Pillai's Trace most commonly reported.
Sample report: A MANOVA was conducted with five dependent variables (Neuroticism, Extraversion, Conscientousness, Agreeableness, and Openness to Experience) and cultural group as the between-subject factor. A statistically significant effect was found (Pillai's Trace= .42, _F_(10,394)=10.43, _p_<.0001).
--
You would then report follow-up tests! (e.g., Univariate ANOVA's)
--
In conclusion the personality profiles differ between these 3 groups.
---
## Follow up tests
Univariate ANOVA's / plot your data / [Discriminant analysis](https://pjbartlein.github.io/GeogDataAnalysis/lec17.html).
---
## Exercise.
Using last week's Salaries dataset, test the assumptions for an ANOVA with monthly salary as dependent variable and academic rank as independent variable.
Conduct an ANOVA with the appropriate post-hoc tests. What do you conclude?
Conduct an alternative non-parametric test to the ANOVA. What do you conclude.
Conduct an ANCOVA with gender as factor, and years since Ph.D. as covariate.
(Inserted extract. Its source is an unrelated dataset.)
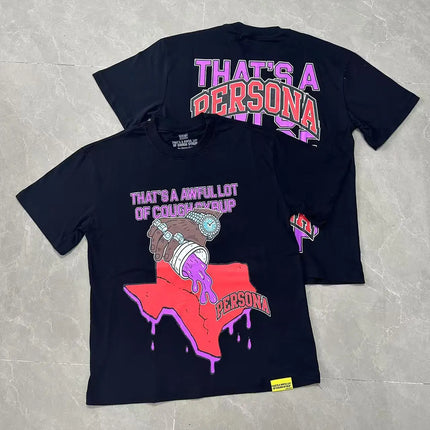 That's A Awful Lot of Cough Syrup Short Sleeve American Street Pop Hip-hop Cartoon Pattern Print Tops COUGH SYRUP T-shirt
What do you conclude?
---
## Exercise continued.
Load the iris dataset, it is part of the [datasets package](https://rstudio-pubs-static.s3.amazonaws.com/204918_d5ccf842cbc540e78b3d6d3287e6ad38.html).
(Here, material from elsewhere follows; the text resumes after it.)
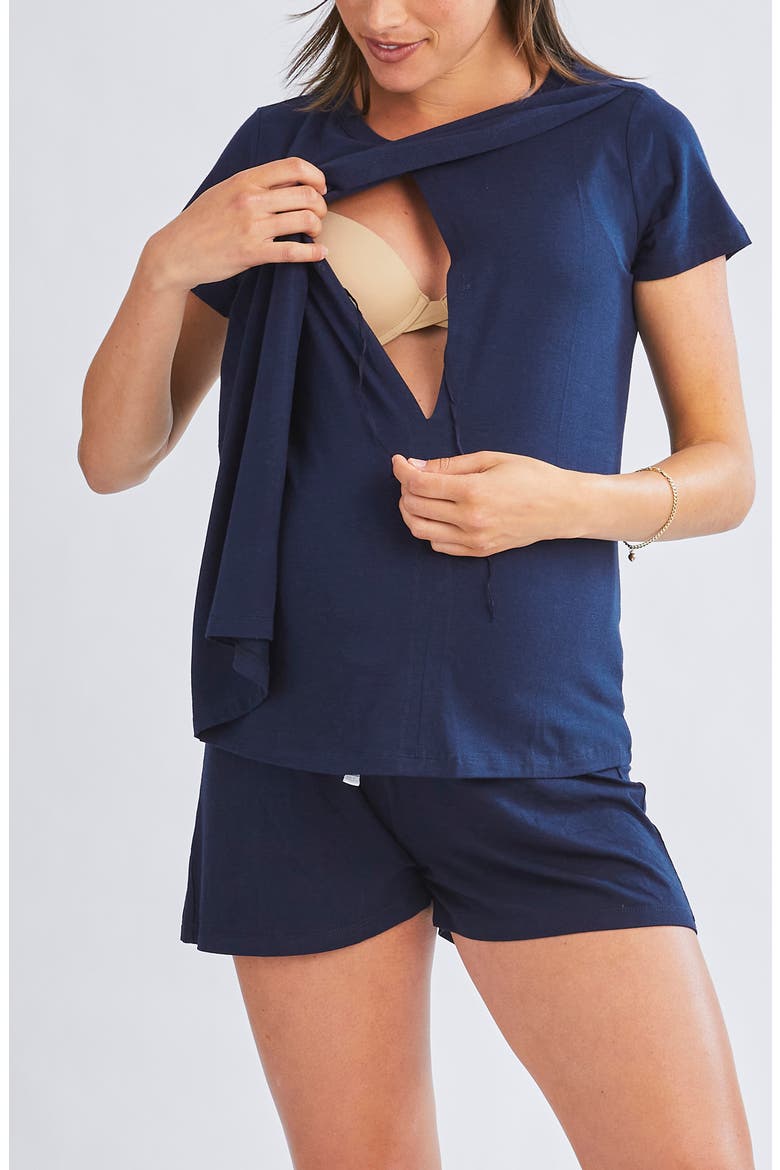 Maternity/Nursing Pajamas & Baby Gown, Alternate, color, NAVY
It is a famous dataset with measurements of 3 species of iris flowers.
Test the assumptions for a MANOVA with Species as the between-subject factor and petal length and sepal length as dependent variables.
Run the MANOVA. What do you conclude? Write up the result as you would do for a paper?
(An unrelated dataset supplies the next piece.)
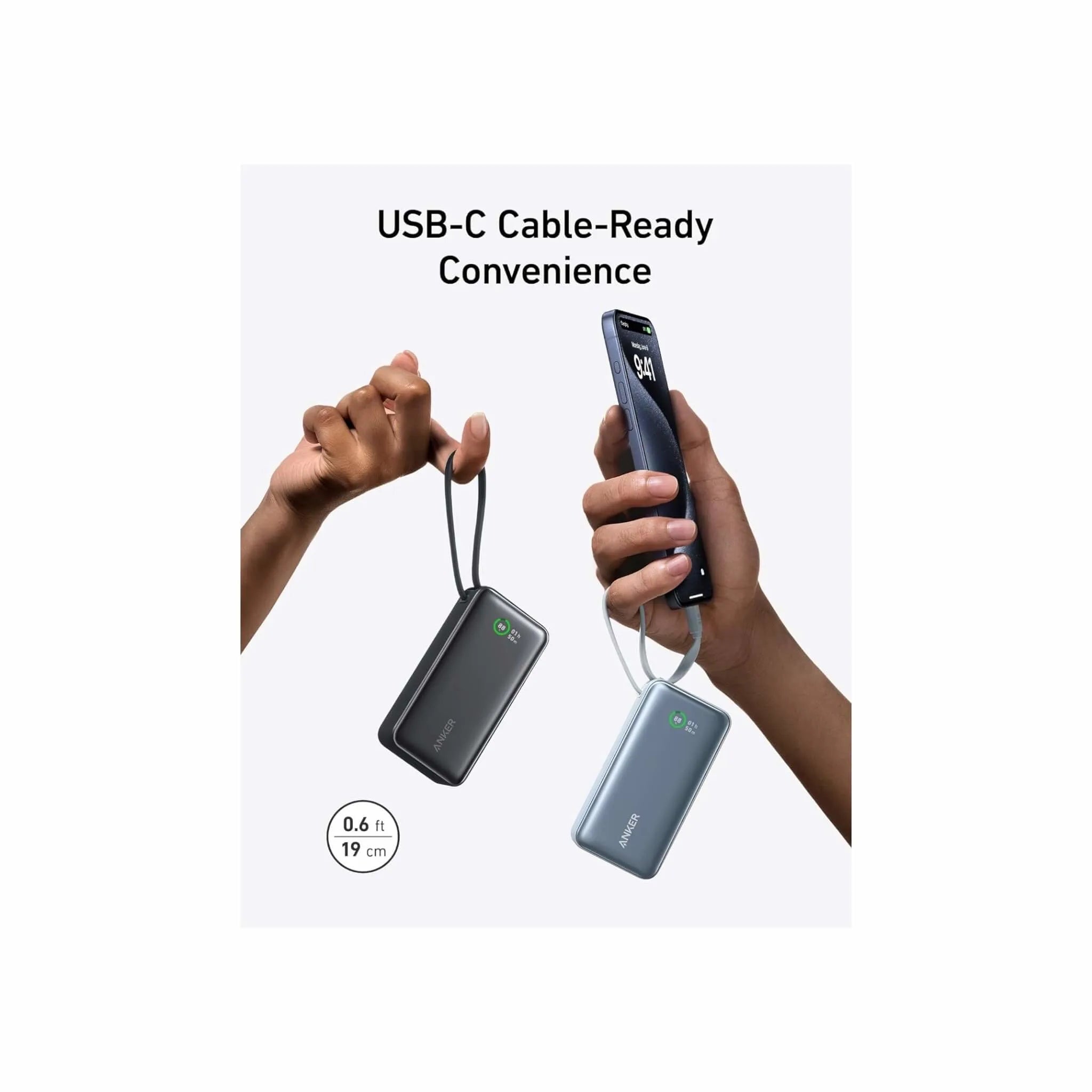 Anker Nano PowerBank 10000mAh with Built-In USB-C - Black Anker Nano PowerBank 10000mAh with Built-In USB-C - Black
BONUS: Plot one of the results from your analyses on the salaries database.
BONUS: Conduct a follow up analysis or plot for the MANOVA.
---
## References (and further reading.)
* Crawley, M. J. (2013). _The R book: Second edition._ New York, NY: John Wiley & Sons.
* Kassambara, A. (2017) STHDA: _[One way ANOVA in R](http://www.sthda.com/english/wiki/one-way-anova-test-in-r)_
* Kassambara, A. (2017) STHDA: _[Statistical tests and assumptions](http://www.sthda.com/english/wiki/statistical-tests-and-assumptions)_
* Mangiafico, S. (2017) [rcompanion](http://rcompanion.org/handbook/)
* Siegel, S. & Castellan, N.J. Jr. (1988). _Nonparametric statistics for the behavioral sciences. 2nd Edn._ McGraw-Hill, New York.
* Wickham, H., & Grolemund, G. (2017). _[R for data science](http://r4ds.had.co.nz/)_. Sebastopol, CA: O’Reilly.
* Wilcox, R. (2012). Introduction to Robust Estimation and Hypothesis Testing (3rd ed.). New York, NY: Elsevier.